For those of you following my articles, you will know I’m a proponent of investing in cheap, or undervalued companies. Most of my articles focus on a company being cheap combined with an upside either from reversion, earnings growth, or a combination of the two.

What you won’t find is me arguing that a company has a great total addressable market, superb growth estimates, and a new product or service that completely, by itself, makes the company investable. That’s not me, and that’s not how I invest.

Value investing as a Portfolio Strategy

Value investing or contrarianism by design means that you need to take a longer, sometimes much longer, perspective than most other types of investors. If you look at an investment and after a week, a month or even a year aren’t satisfied because the company has dropped 20% or more or has cut the dividend and as a result of this, you sell the stock – well, chances are unless this was part of a “fundamental change of risk”-scenario, you might not have been properly prepared for what it means to be a value investor.

As value investors, we seek out stocks that the market is underestimating. We believe that given enough time, (we believe this to be one of the few factors or variables that really matter), a company of fundamental quality will revert to what is either a fair or an overvaluation.

The market does this – it overreacts, both on the negative and on the positive side.
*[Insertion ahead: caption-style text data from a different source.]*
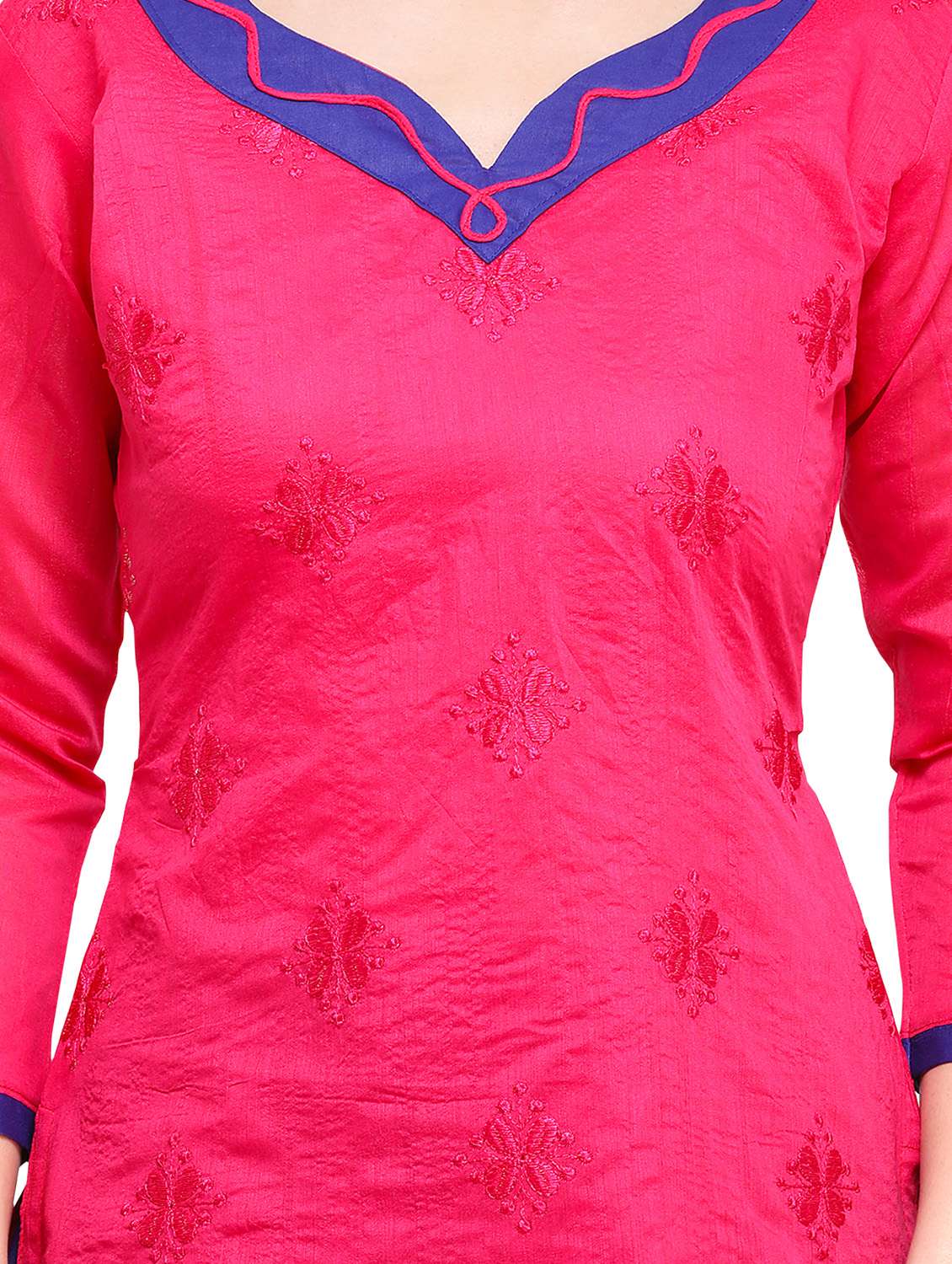 embroidered churidaar unstitched suit - 17297690 -  Standard Image - 3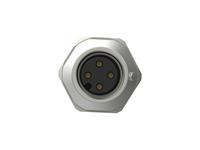 Circular Connector M12 A Code Female 4 Pole. Screw Lock Front Panel Entry Rear Fixing Solder Terminal. PG9 - IP67 [PM12AF4F-S/9]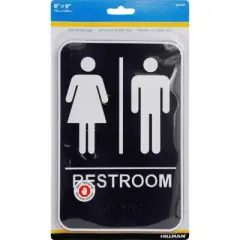 Hillman English Black Restroom Plaque 9 in. H X 6 in. W - Case of 3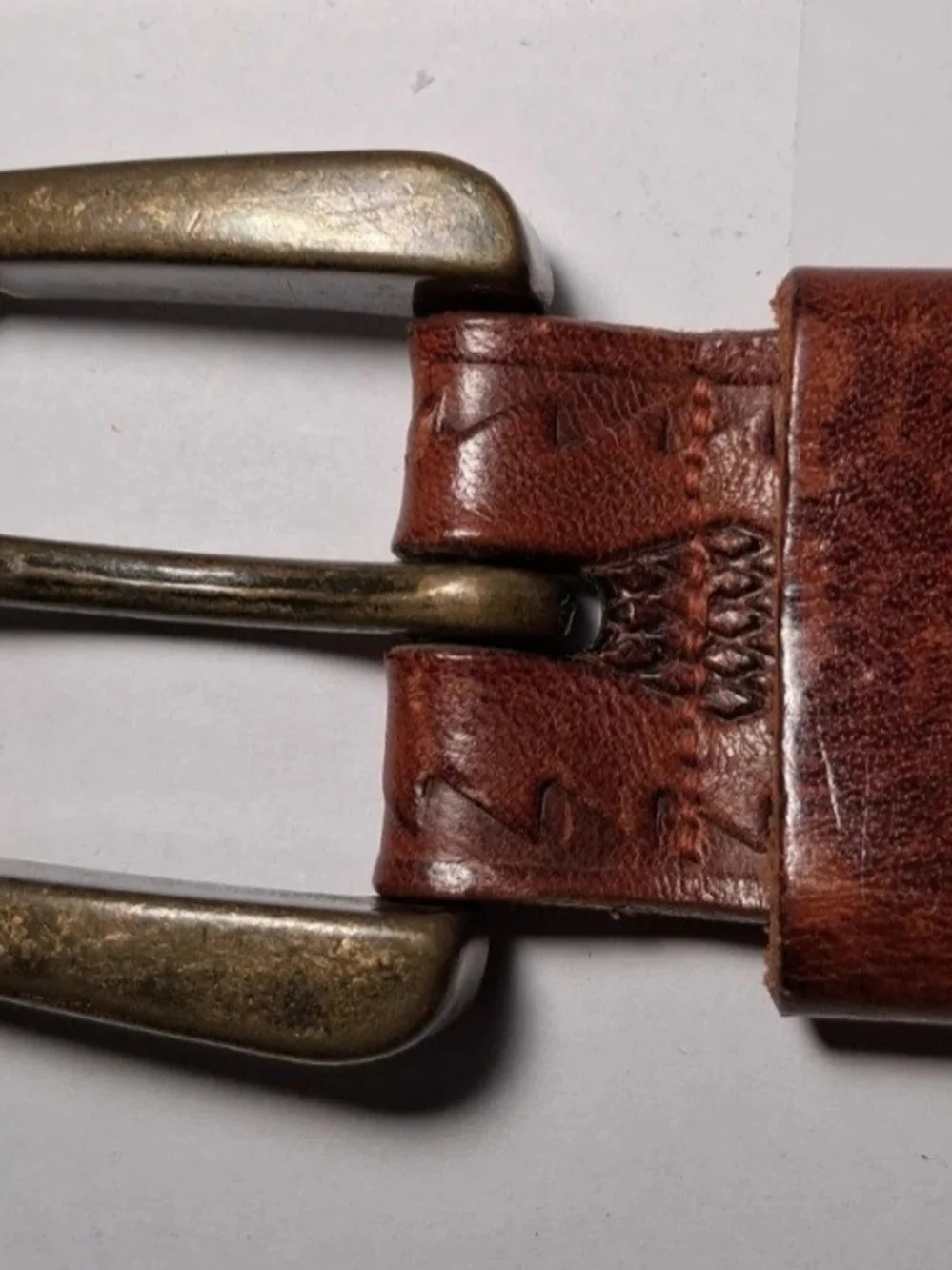 Vintage Brown Leather Belt Hand Carved Brass Buckle Mens 36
We believe that stock price movements in the short term have a similar correlation to actual company quality or long-term return prospects as ice cream sales have to shark attacks (just kidding, there is actually correlation in this(!), but you get my point). The point is, that the market short-term has very little to do with whether a company is actually quality or not.

That is why I can invest 4-5% of my net worth into a business like BASF (OTCQX:BASFY), which is currently performing like this on a 1-year basis…

BASF Stock

BASF Stock (Seeking Alpha)

…without caring overly much, beyond making sure that I am fully invested to the degree that my diversification and investment rules dictate.

The bottom line is that overreaction is the opportunity.

Overreaction in a negative way is an opportunity to “BUY” a stock.

Overreaction in the opposite direction on the other hand, is usually a good signal to divest or rotate part of, or an entire holding and reinvest that capital into something else.

People do argue against this – and often. Many investors argued that Amazon (AMZN) or Apple (AAPL) would never fall. I remember one investor whose portfolio stake of AAPL had grown to 20%, but he convinced himself not to sell, because “Apple could never fall”. He even bought more – at yields of below a single percent. While Apple is recovering nicely, he actually ended up rotating a part near the bottom due to fear. Amazon is still down 17% for the year.

My point is, don’t get caught in the modality that “Stock X can never fall”. I happen to love Castellum (OTCPK:CWQXF), a Swedish real estate giant. Looking at the pricing history, I rotated my massive 8-9% share of the company at the peaks when the business touched above 240 SEK/share.

Castellum 5-year price history

Castellum 5-year price history (Google Finance)

Certainly not perfect by any matter – but the point was, I sold at profits of well above 100%, and cut my stake down to 0.5% of total. So I was well-prepared when the crash came, and the company dropped. I loaded back up to 5% at 125-135 SEK/share, and I’m already up close to 9% with dividends. This “cycle” went far quicker than I thought.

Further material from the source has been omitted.